Disciplined Minds: A Critical Look at Salaried Professionals
and the Soul-Battering System that Shapes their Lives

(Rowman & Littlefield, 2000) by Jeff Schmidt

Summer 2001
(published by the
National Association
of Science Writers)

ScienceWriters reprinted the Lingua Franca article
and added this sidebar . . .

Physics Today Firing of Jeff Schmidt Draws Protests

The firing of Jeff Schmidt, who had been an articles editor at Physics Today for over 19 years, has prompted a flurry of letters of protest by physicists, science writers, scholars, and educators. MIT linguist and social critic Noam Chomsky helped solicit more than 140 signatures on one letter alone. Another letter, signed by 16 former Physics Today staff members, urges AIP Executive Director Marc Brodsky to reverse his decision. Also lending support to Schmidt is the National Writers Union and the University of Maryland, College Park, chapter of the American Association of University Professors.

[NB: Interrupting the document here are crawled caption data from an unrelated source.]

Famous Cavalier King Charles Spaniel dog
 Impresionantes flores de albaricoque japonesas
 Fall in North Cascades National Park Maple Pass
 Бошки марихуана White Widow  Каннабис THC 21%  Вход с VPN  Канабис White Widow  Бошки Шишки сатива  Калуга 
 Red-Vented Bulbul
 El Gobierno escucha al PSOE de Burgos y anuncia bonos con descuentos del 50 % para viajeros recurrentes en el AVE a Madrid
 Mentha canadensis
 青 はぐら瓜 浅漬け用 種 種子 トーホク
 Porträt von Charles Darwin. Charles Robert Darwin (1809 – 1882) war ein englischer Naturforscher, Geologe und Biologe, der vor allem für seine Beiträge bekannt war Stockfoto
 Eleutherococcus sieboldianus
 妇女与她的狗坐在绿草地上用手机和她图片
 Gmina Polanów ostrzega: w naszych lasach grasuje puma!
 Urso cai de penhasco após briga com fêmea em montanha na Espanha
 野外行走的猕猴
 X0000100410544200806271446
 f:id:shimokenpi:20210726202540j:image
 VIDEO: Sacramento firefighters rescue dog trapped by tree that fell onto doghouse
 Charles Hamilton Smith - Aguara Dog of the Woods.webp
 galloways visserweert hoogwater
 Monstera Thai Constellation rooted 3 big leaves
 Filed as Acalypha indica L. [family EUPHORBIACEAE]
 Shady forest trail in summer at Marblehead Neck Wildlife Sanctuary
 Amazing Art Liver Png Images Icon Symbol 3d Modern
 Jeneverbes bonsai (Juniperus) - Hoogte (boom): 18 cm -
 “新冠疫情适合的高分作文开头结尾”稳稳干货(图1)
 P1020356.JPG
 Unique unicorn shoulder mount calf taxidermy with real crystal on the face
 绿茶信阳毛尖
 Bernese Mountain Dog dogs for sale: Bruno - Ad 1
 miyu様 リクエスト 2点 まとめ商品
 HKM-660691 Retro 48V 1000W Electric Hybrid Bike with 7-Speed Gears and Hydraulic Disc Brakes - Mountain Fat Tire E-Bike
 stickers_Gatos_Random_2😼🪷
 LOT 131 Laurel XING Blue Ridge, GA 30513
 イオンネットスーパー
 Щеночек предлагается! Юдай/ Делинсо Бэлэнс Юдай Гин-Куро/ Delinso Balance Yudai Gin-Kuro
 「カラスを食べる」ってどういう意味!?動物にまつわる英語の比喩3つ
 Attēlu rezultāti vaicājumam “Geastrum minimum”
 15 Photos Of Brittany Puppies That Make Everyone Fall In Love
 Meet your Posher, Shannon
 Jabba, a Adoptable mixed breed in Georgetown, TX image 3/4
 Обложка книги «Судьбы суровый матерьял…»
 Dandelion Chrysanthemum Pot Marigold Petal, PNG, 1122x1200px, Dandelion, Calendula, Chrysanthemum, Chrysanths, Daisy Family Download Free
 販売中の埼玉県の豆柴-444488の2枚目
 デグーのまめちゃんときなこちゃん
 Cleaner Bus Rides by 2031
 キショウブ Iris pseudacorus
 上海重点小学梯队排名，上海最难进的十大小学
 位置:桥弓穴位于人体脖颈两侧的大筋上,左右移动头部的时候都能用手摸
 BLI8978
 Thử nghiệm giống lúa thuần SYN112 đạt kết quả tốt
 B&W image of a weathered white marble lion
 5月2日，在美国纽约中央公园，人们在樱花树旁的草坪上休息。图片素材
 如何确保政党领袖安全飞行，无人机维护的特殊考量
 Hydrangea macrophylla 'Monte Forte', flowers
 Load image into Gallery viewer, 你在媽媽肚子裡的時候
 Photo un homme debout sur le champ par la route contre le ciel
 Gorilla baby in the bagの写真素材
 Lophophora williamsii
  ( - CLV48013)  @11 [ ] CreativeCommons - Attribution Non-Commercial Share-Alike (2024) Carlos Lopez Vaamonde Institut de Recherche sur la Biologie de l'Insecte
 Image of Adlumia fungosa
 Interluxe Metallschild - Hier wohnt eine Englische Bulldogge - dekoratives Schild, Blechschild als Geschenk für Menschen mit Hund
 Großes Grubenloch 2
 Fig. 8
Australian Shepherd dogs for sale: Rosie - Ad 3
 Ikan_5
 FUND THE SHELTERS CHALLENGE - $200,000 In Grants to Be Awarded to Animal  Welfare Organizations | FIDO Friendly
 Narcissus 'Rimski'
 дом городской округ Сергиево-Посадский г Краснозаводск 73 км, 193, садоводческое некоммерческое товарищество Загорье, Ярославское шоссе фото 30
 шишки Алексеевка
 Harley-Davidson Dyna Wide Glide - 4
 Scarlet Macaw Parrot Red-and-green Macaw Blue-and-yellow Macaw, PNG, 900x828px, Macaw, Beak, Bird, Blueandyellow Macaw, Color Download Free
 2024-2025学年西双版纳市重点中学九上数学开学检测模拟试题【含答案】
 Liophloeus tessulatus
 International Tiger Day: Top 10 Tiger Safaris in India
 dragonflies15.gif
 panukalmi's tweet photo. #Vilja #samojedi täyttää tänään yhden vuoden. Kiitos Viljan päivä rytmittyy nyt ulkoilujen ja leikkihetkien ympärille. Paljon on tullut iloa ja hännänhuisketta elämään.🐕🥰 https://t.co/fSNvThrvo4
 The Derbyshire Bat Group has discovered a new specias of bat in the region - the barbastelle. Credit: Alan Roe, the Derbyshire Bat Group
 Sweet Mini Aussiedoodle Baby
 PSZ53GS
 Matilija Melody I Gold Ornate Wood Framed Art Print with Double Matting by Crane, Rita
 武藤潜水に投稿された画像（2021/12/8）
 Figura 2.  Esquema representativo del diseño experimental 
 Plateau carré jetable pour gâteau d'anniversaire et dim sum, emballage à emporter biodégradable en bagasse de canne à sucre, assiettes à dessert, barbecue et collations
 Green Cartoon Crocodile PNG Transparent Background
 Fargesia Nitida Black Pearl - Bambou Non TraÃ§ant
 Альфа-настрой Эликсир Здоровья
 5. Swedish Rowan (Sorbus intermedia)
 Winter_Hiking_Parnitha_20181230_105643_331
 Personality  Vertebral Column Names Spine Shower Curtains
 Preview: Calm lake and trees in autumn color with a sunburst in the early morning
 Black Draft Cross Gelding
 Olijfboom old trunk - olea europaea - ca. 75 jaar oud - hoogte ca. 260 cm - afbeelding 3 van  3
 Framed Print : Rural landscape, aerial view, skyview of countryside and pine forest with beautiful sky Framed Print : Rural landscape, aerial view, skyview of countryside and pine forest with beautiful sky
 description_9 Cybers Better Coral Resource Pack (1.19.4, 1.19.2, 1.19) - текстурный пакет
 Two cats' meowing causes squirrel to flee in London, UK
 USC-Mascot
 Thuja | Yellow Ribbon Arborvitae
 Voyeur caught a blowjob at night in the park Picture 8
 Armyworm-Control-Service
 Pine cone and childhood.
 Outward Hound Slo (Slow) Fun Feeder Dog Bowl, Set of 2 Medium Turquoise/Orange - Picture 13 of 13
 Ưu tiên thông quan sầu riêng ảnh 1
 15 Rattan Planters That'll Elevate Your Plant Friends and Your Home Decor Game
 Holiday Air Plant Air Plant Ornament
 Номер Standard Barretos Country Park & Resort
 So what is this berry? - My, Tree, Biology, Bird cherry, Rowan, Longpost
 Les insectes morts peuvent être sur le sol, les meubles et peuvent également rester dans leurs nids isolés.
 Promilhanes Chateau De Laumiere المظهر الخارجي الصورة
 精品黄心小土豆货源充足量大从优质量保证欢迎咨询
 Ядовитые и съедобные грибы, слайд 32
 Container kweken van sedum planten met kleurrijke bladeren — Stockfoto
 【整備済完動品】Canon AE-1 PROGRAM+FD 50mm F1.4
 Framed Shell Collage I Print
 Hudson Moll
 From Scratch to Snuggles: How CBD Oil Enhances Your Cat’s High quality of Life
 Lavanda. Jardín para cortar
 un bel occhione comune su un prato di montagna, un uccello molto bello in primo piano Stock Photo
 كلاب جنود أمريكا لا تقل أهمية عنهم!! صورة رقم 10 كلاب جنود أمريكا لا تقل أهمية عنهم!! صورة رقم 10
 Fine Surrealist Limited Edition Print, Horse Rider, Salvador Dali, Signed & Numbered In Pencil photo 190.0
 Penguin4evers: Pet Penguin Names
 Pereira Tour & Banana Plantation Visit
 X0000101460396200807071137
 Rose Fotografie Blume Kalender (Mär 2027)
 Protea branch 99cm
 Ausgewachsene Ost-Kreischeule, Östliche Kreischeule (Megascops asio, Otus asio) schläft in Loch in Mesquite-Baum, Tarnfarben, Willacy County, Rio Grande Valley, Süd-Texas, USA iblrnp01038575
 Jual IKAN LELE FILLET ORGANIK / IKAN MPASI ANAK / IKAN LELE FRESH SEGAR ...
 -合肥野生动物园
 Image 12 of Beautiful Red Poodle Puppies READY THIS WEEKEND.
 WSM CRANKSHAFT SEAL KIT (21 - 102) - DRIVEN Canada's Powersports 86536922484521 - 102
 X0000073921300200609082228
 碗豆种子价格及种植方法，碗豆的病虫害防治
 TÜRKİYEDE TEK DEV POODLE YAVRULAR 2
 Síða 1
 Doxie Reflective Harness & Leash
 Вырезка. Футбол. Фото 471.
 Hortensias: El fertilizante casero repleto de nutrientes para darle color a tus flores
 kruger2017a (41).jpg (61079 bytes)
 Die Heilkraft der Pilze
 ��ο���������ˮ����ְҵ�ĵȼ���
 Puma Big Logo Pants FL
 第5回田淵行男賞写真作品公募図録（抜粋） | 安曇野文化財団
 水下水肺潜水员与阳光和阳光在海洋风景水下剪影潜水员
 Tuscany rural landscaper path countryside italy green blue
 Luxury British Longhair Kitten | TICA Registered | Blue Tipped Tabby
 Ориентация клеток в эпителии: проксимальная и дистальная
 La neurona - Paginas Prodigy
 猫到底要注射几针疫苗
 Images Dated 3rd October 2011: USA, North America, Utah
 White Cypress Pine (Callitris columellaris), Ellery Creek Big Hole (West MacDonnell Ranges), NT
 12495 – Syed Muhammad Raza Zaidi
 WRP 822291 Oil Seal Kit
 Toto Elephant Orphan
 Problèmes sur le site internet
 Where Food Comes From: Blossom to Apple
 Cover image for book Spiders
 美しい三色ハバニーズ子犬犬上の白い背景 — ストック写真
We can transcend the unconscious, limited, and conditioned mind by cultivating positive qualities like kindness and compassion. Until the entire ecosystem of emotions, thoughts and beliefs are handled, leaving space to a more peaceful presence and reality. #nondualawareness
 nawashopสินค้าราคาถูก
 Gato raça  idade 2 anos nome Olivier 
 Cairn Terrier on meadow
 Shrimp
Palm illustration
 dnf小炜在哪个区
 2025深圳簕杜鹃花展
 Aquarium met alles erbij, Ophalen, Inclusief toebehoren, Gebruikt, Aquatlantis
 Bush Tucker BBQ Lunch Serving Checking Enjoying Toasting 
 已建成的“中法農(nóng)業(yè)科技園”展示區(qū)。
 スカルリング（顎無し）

Citing their concern about the precedent that Schmidt's May 31, 2000, dismissal would set for employees everywhere, lawyers at one of Washington's largest law firms (Dickstein Shapiro Morin & Oshinsky), have waived their fees and are doing what they can to challenge Physics Today's actions, "for the public good." Physics Today has retained what Schmidt calls "the most notorious union-busting law firm in the country" (Jackson, Lewis, Schnitzler & Krupman) to deal with any legal challenges in the case. Schmidt's lawyers have given the National Labor Relations Board affidavits from former Physics Today science writers who openly did personal writing in their offices but were not punished. But so far the NLRB has failed to see the disparate treatment as illegal. Schmidt is not surprised. He notes that the law generally favors employers, and so he believes that his best chance for justice is support from fellow science writers, physicists, and others.